Tekkeler: Toplumda çok değişik işlevler yüklenebilen, devletin formel örgütlenmesi dışında kalan bu kurumlar Anadolu’da, göçebe aşiretlerle yerleşik halk arasındaki ekonomik çatışmanın en şiddetlendiği dönemde ortaya çıkmışlardı. Bu geçiş döneminde dinde, ekonomide, sosyal ilişkilerde beliren boşluğu dolduran Batıni tekkeleri yalnızca dinsel kurumlar olmakla kalmayıp dönemin en önemli kültür aracı kurumları olmuştu. Kendi gereksinimlerini kendileri karşılayan tekkeler iktisadi işlevleriyle de dikkat çekicidir. Şeyh ve dervişler toprak sahibi olarak, faizle borç vererek yada şehirdeki emlak ve akarı kiralayarak ekonomik sürece doğrudan katılıyordu. Tekkeler göçerler ile köylülerin dinin şekillendirdiği bir ortama girdikleri ve zaman zaman da alışveriş için birarada bulundukları bir yer görünümündeydi. Dolayısıyla bu buluşmalar bir iletişim olanağı sunuyordu (Faroqhi, 2003; 89-140). 13. yüzyıldan başlayarak köy “gençlik ocakları”nı etkileri altına alan zaviye şeyhleri tarikat usul ve adetlerini işleyerek, şehirdeki ahi birlikleri gibi, bu dönemin karışıklıkları arasında önemli işleve sahiptiler (Akdağ, 1974; 28). Tekkeler çatışmaları çözümleyici, çevrelerine düzen getirici özellikleriyle merkezi devletlerin çözülme dönemlerinde toplumsal dayanışmanın sürdürülmesinde önemli işlevler yüklenmişlerdi. Tüm bunların yanı sıra tekkeler siyasal muhalefetlerin geliştiği bir siyasal kurum da olacaktır. Osmanlılar, Selçuklu beyliğinden ayrı bir devlet haline gelirken bu kurumlarla iyi geçinmiş, onlardan devletin meşruluğunun sağlanmasında yararlanmıştır. Osmanlı devleti gelişip güçlendikten sonra ise bu kurumları siyasal muhalefet odakları olarak görecektir.

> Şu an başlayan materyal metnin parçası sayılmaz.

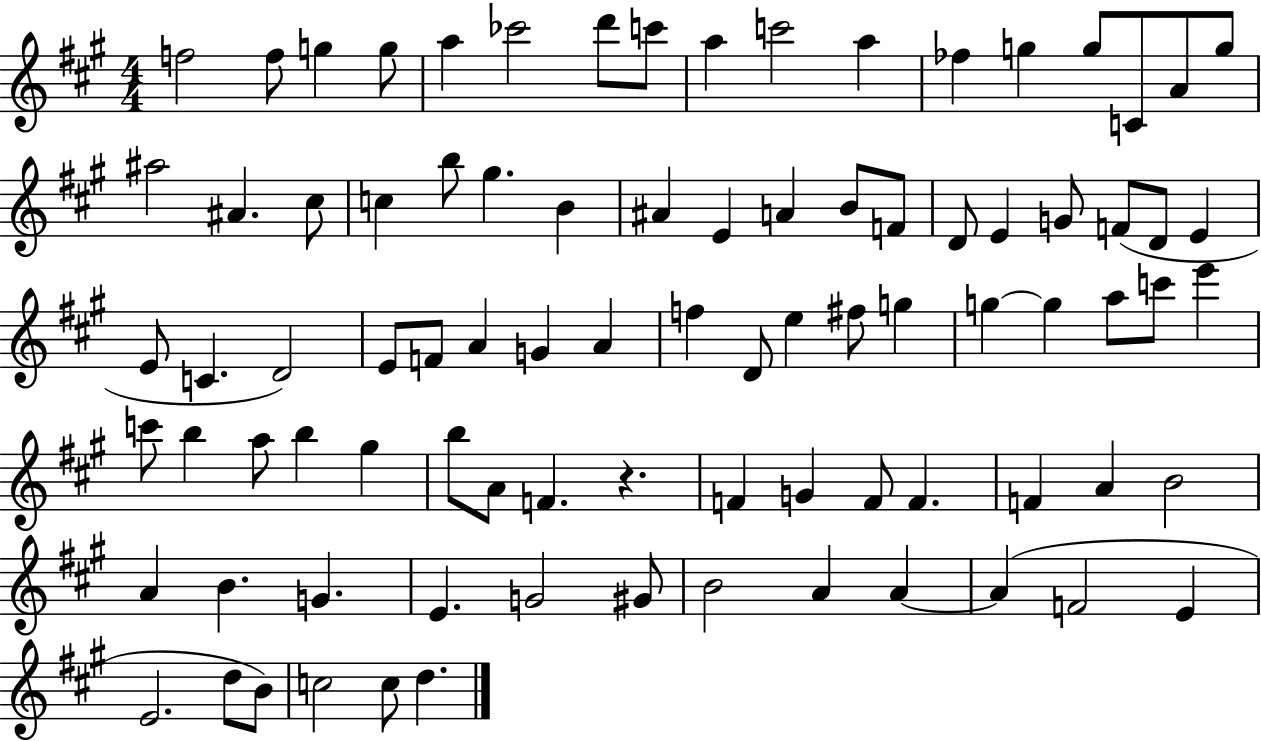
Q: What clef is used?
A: treble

Bir yanıyla aile düzenini andıran bu toplumsal kurumla ilişkiye girenler göçebe-köylü yerleşik düzenin mutfak ve yemek geleneğinden yazılı edebiyatına yeni kültür örüntüleriyle yüz yüze geliyordu. Bir yandan Şamanlık gibi Türk göçebelerinin inanış ve gelenekleri, bir yandan Saya gibi, köylü seyirlik oyunları, Hıdrellez, Köse ve Gelini gibi yerleşik kültüre bağlı töre ve törenler, halk kültüründe yaşayagelen Anadolu bolluk törenlerindeki güldürü ve cinsel açıklık gibi kültürel edimlerle beslenen Nasreddin Hoca’nın “ilk tekkeleri kuran Türkmen kültür geleneği içinde tohumlanıp çiçeklendiğinden kuşku duymuyorum” (Başgöz, 1999; 112).

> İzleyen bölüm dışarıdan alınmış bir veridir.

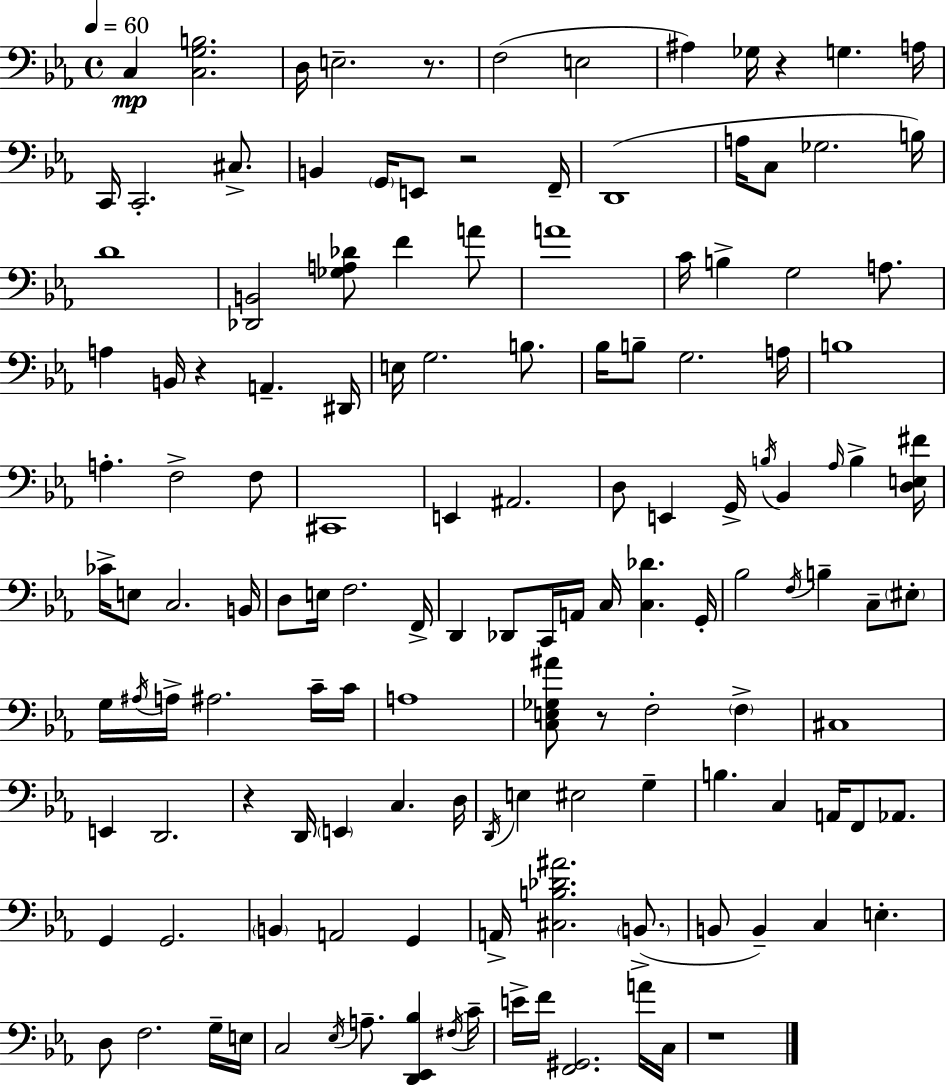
X:1
T:Untitled
M:4/4
L:1/4
K:Cm
C, [C,G,B,]2 D,/4 E,2 z/2 F,2 E,2 ^A, _G,/4 z G, A,/4 C,,/4 C,,2 ^C,/2 B,, G,,/4 E,,/2 z2 F,,/4 D,,4 A,/4 C,/2 _G,2 B,/4 D4 [_D,,B,,]2 [_G,A,_D]/2 F A/2 A4 C/4 B, G,2 A,/2 A, B,,/4 z A,, ^D,,/4 E,/4 G,2 B,/2 _B,/4 B,/2 G,2 A,/4 B,4 A, F,2 F,/2 ^C,,4 E,, ^A,,2 D,/2 E,, G,,/4 B,/4 _B,, _A,/4 B, [D,E,^F]/4 _C/4 E,/2 C,2 B,,/4 D,/2 E,/4 F,2 F,,/4 D,, _D,,/2 C,,/4 A,,/4 C,/4 [C,_D] G,,/4 _B,2 F,/4 B, C,/2 ^E,/2 G,/4 ^A,/4 A,/4 ^A,2 C/4 C/4 A,4 [C,E,_G,^A]/2 z/2 F,2 F, ^C,4 E,, D,,2 z D,,/4 E,, C, D,/4 D,,/4 E, ^E,2 G, B, C, A,,/4 F,,/2 _A,,/2 G,, G,,2 B,, A,,2 G,, A,,/4 [^C,B,_D^A]2 B,,/2 B,,/2 B,, C, E, D,/2 F,2 G,/4 E,/4 C,2 _E,/4 A,/2 [D,,_E,,_B,] ^F,/4 C/4 E/4 F/4 [F,,^G,,]2 A/4 C,/4 z4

Haçlı seferi, Baba İshak ayaklanması, Moğol istilası türünden büyük olaylara maruz kalan Anadolu’da güvenlik duygusundan yoksun ve süregelen siyasal karışıklıklardan usanan öbekler tekke, tarikat çatısı altında birlikler kuruyorlardı. Kargaşaya dayanma gücü veren, ‘biz’ çatısı altında siyasal bir güç olarak duran böylesi cemaat örgütlenmelerinin başında gelen tekke ve tarikatlerin devletler, sultanlar tarafından tanınması, yönetimin çeşitli kademelerinde bulunanların, dahası sultanların büyük şeyhlere mürid olmaları, şeyhlere büyük bir manevi nüfüz bahşediyordu. Başbuğ da denilebilecek şeyhlerin, tekkelerin önde gelenlerinin siyasi ve manevi etkileri ve güçleri artıyordu. Beyler de şeyhlerin bu gücünden yararlanabilmek için her yanda zaviyeler yaptırıyor, onlara zengin vakıflar ayırıyorlardı. (Köprülü, 1984; 197-204).

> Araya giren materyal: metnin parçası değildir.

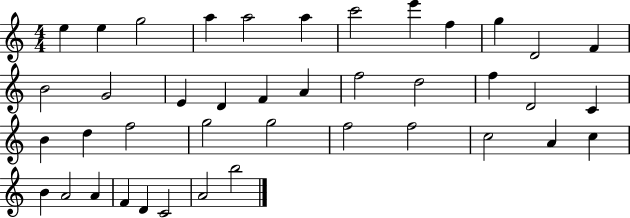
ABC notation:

X:1
T:Untitled
M:4/4
L:1/4
K:C
e e g2 a a2 a c'2 e' f g D2 F B2 G2 E D F A f2 d2 f D2 C B d f2 g2 g2 f2 f2 c2 A c B A2 A F D C2 A2 b2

Şehirlerde can çekişen Şamanizm, merkezleri çevreleyen bölgelerde yaşayan göçebe topluluklarda canlı halde bulunuyordu. Fars etkisi medrese ve Sunni tekkelerin bulunduğu şehir ve kasabalarda daha güçlüyken paganist, şamanik etkiler daha çok köylerde ve göçebeler arasında yaygındır. Ne ki, ardı ardına gelen Türkmen akınları her yerleşmenin ardından yeni göçebeler getirdiği için Orta Asya’nın inanç, gelenek ve törelerinin izleri daima tazelenmiş ve yerleşmeler son yüzyıllara kadar devam etmiştir. Bu yapıp etmelerin yalnız Horasan erenlerinden değil, doğrudan doğruya eski Türk dininden geldiği kabul edilebilir (Ülken, 1969; 2-3). Cengiz Han İmparatorluğu, onun halefleri ve Moğol istilası eski kökenli ne varsa hepsine hayat verdi ve etkisi, resmen İslam dinini kabul etmiş olan Türklerin bir süreden beri yerleştikleri uzaklardaki Anadolu’da kendini hissettiriyordu (Roux, 1994; 22-25). Moğol istilası ve Timur’un (1336-1405) Anadolu’ya yürüyüşü sadece göçlere ivme kazandırmakla kalmamış, onlara dini-kültürel özel bir içerik de katmıştır. Moğol istilasının hareketliliği ve Timur’un eylemliliği İran etkisini kırıp Anadolu’da Türkmen kültür, dil ve siyasi geleneklerini perçinlemişti. “Timur’un zaferi, desteklediği Türki popüler sufi tarikatlerin Anadolu’da ve daha sonra Balkanlar’da çoğalmasına yardım etmiştir” (Karpat, 2004a; 141).”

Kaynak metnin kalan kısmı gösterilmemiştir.